Walczący o utrzymanie się na rynku poker room Lock Poker, otrzymał w tym tygodniu kolejny potężny cios, który znacznie utrudni mu funkcjonowanie. Firma świadcząca usługi płatności internetowych Skrill ogłosiła, że „nie będzie dłużej akceptować depozytów na konto Lock Poker”. Właściciele marki nie przedstawili żadnych oświadczeń, a także odmawiają wydania obszernego oświadczenia.
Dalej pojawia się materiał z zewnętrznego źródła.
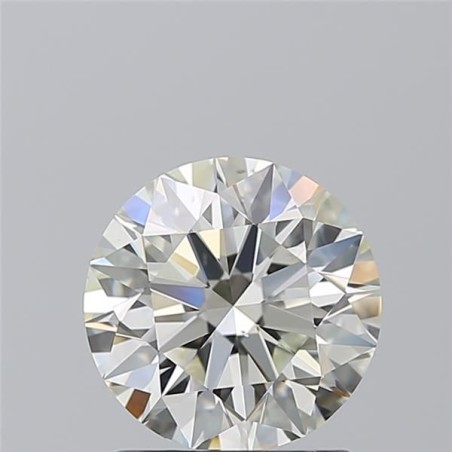 Diament szlif okrągły, 1.58ct, VS2, I, IGI 681559469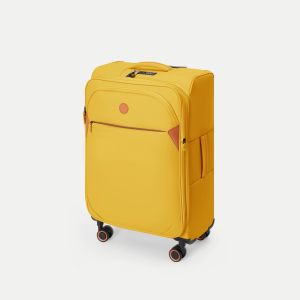 Verage | Ultra-light Waterproof Carry-on Suitcase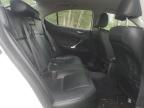 2009 LEXUS IS 250   for sale at Copart ON - COOKSTOWN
Zamiast tego, rzecznik prasowy Skrill, postanowił umieścić w krótkim ogłoszeniu punkt regulaminu, który mówi, że „Skrill zastrzega sobie prawo do zawieszenia funkcjonalności dowolnego konta sprzedawcy,”
Skrill podkreśla także, że nadal będzie realizował procesy wypłat, dzięki czemu gracze będą w stanie odzyskać swoje środki. Na forach już pojawiają się jednak sarkastyczne komentarze, w których użytkownicy stwierdzają, że akurat ta kwestia nie powinna przysporzyć pracownikom Skrill żadnych kłopotów, bo jak wszyscy dobrze wiemy, Lock Poker ma problemy z wypłatami.
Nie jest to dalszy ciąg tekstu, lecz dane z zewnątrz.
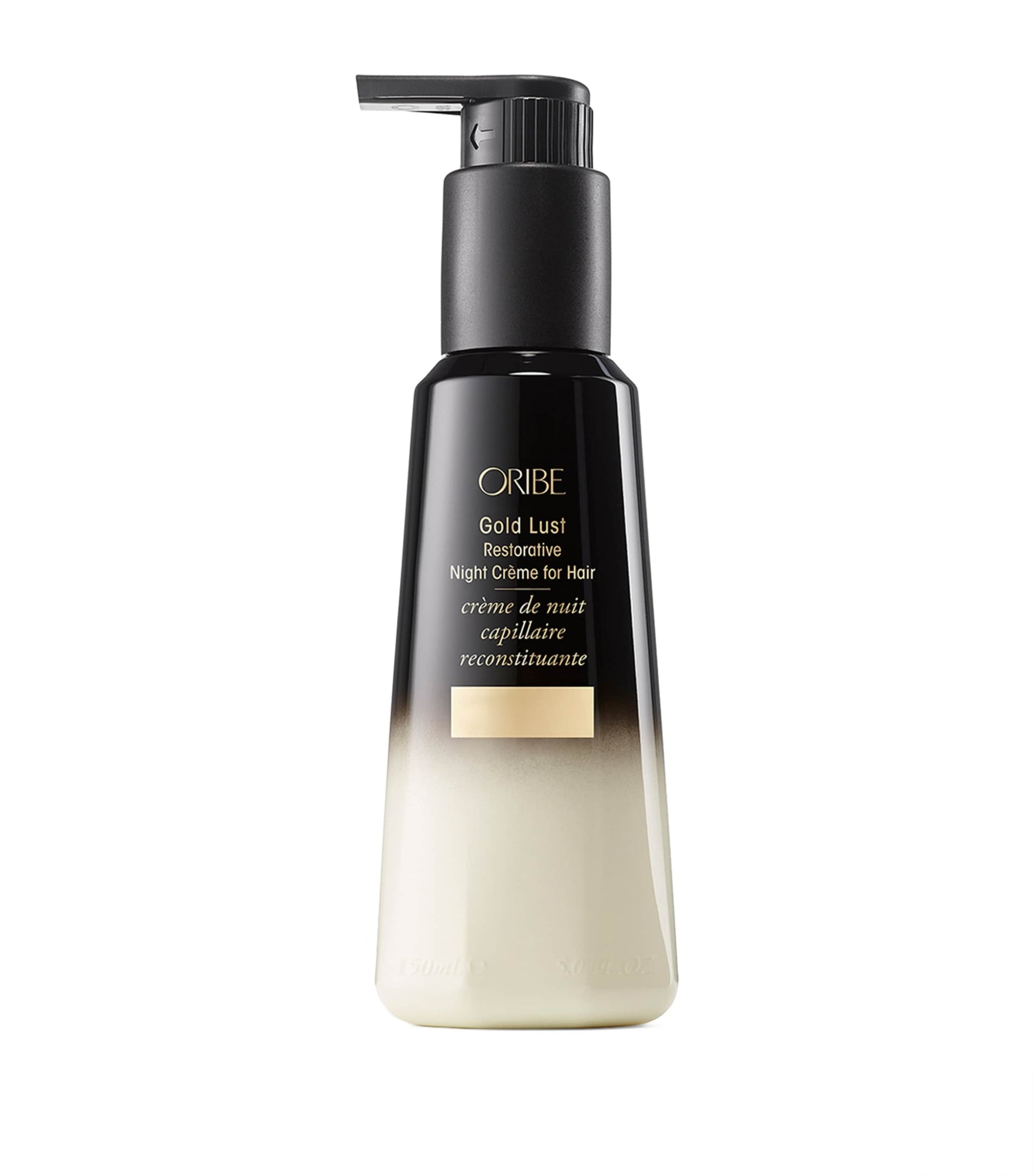 Gold Lust Restorative Night Crème (150ml)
Rzecznik Lock Poker Shane Bridges zasugerował w rozmowie z PokerFuse, że decyzja o zawieszeniu przyjmowania depozytów za pośrednictwem Skrill była pomysłem właścicieli Lock. Według rzecznika roomu, jest to cześć planu, który ma umożliwić wyjaśnienie spraw związanych z wypłatami graczami. Bridges twierdzi także, że pomysł ten zrodził się w głowach właścicieli po opuszczeniu sieci Revolution Gaming, a jego główną zwolenniczką była CEO Jennifer Larson. Cała ta sprawa wydaje się być bardzo podejrzana i raczej trudno uwierzyć w historię Bridgesa, że room dobrowolnie zdecydował się zrezygnować z przyjmowania depozytów za pomocą najpopularniejszej metody wpłat.
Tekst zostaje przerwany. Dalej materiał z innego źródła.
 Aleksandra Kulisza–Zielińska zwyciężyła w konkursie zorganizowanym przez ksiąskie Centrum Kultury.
Tymczasem Bridges poinformował swojego głównego partnera – stronę Gambling9111, że firma kontynuuje swoje działania w celu odzyskania dobrego imienia wśród pokerowej społeczności. Jak Lock zamierza tego dokonać? Otóż wspominany portal poinformował, że Lock złożył pozew przeciwko sieci Revolution Gaming oraz przeciwko urzędowi regulacyjnemu Licensing Authority Curacao. Pierwsza część pozwu zawiera opis sytuacji po odejściu Lock Poker z sieci, kiedy to Revolution próbując zatrzymać ruch u siebie przekierowywała graczy na Pure Poker. Właściciele Lock Poker zarzucają również właścicielom sieci złe zarządzanie finansami i przeznaczanie środków na inne cele niż pierwotnie zakładano.
W ostatnim punkcie pozwu stwierdza się, że Revolution naruszył warunki umowy patentowej zwartej z firmą 1st Technology, która złożyła pozew jeszcze za czasu, kiedy sieć nazywała się Cake Gaming NV. Biorąc pod uwagę te wszystkie czynniki, Lock Poker czuje się oszukany i zamierza domagać się olbrzymiego odszkodowania. Z pewnością gracze Lock Poker będą liczyć na wygraną roomu przed sądem, ponieważ w chwili obecnej to chyba jedna nadzieja na to, że gracze posiadający swoje fundusze w roomie, odzyskają je w całości.
Najbardziej naciągany wydaje się argument dotyczący patentów. W przeszłości wiele firm próbowało się wzbogacić w podobny sposób, ale przeważnie sprawy tego typu kończą się uniewinnieniem. Specjaliści od prawa hazardowego twierdzą, że Lock Poker musi przekonać Sąd, iż Revolution defraudowała pieniądze jeżeli myśli o wygranej w tej sprawie. Oczywiście PokerGround będzie cały czas przyglądać się sprawie i poinformujemy was o wszystkich nowych okolicznościach w sprawie.